Кроме страха еды и непрерывного моторного беспокойства, Казарновский отметил бредовую идею О. М., которая для него характерна и выдумана быть не могла: О. М. тешил себя надеждой, что ему облегчат жизнь, потому что Ромен Роллан напишет о нем Сталину. Крошечная эта черточка доказывает мне, что Казарновский действительно общался с Мандельштамом. Во время воронежской ссылки мы читали в газетах о приезде Ромена Роллана с супругой в Москву и об их встрече со Сталиным. О. М. знал Майю Кудашеву, и он вздыхал: „Майя бегает по Москве. Наверное, ей рассказали про меня. Что ему стоит поговорить обо мне со Сталиным, чтобы он меня отпустил“… О. М. никак не мог поверить, что профессиональные гуманисты не интересуются отдельными судьбами, а только человечеством в целом, и надежда в безысходном положении воплотилась у него в имени Ромена Роллана. А для меня это имя послужило доказательством, что Казарновский не вполне утратил память.

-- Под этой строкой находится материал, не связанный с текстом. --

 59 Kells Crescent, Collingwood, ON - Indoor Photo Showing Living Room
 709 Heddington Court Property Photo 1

И вот еще характерный штрих из рассказов Казарновского: О. М. не сомневался в том, что я в лагере. Он умолял Казарновского, чтобы тот, если вернется, разыскал меня: „Попросите Литфонд, чтобы ей помогли“… Всю жизнь О. М., как каторжник к тачке, был прикован к писательским организациям и без их санкции не получил ни единого кусочка хлеба. Как он ни стремился освободиться от этой зависимости, ему это не удавалось: у нас такие вещи не допускаются, это невыгодно правителям… Вот почему и для меня он надеялся только на помощь Литфонда. Моя же судьба сложилась иначе, и во время войны, когда про нас забыли, мне удалось уйти в другую сферу, и поэтому сохранила я жизнь и память.

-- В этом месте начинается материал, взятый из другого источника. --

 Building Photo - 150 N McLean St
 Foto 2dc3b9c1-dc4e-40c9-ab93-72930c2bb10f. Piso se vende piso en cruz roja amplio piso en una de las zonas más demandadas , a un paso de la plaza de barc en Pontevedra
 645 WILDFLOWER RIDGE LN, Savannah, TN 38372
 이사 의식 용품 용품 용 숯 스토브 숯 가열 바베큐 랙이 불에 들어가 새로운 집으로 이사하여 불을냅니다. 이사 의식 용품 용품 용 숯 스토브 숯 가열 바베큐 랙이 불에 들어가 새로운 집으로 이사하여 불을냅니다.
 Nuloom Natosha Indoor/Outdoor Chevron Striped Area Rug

Иногда, в светлые минуты, О. М. читал лагерникам стихи, и, вероятно, кое-кто их записывал. Мне пришлось видеть „альбомы“ с его стихами, ходившими по лагерям. Однажды ему рассказали, что в камере смертников в Лефортове — в годы террора там сидели вперемешку — видели нацарапанные на стене строки: „Неужели я настоящий И действительно смерть придет“. Узнав об этом, О. М. развеселился и несколько дней был спокойнее.

На работы — даже внутрилагерные, вроде приборки — его не посылали. Даже в истощенной до предела толпе он выделялся своим плохим состоянием. По целым дням он слонялся без дела, навлекая на себя угрозы, мат и проклятия всевозможного начальства. В отсев он попал почти сразу и очень огорчился. Ему казалось, что в стационарном лагере все же будет легче, хотя опытные люди убеждали его в противном.

<…> Однажды, несмотря на крики и понукания, О. М. не сошел с нар. В те дни мороз крепчал — это единственная датировка, которой я добилась. Всех погнали чистить снег, а О. М. остался один. Через несколько дней его сняли с нар и увезли в больницу. Вскоре Казарновский услышал, что О. М. умер и его похоронили, вернее, бросили в яму… Хоронили, разумеется, без гробов, раздетыми, если не голыми, чтобы не пропадало добро, по несколько человек в одну яму — покойников всегда хватало — и каждому к ноге привязывали бирку с номерком.

Это еще не худший вариант смерти, и я хочу верить, что рассказ Казарновского соответствует действительности»[326].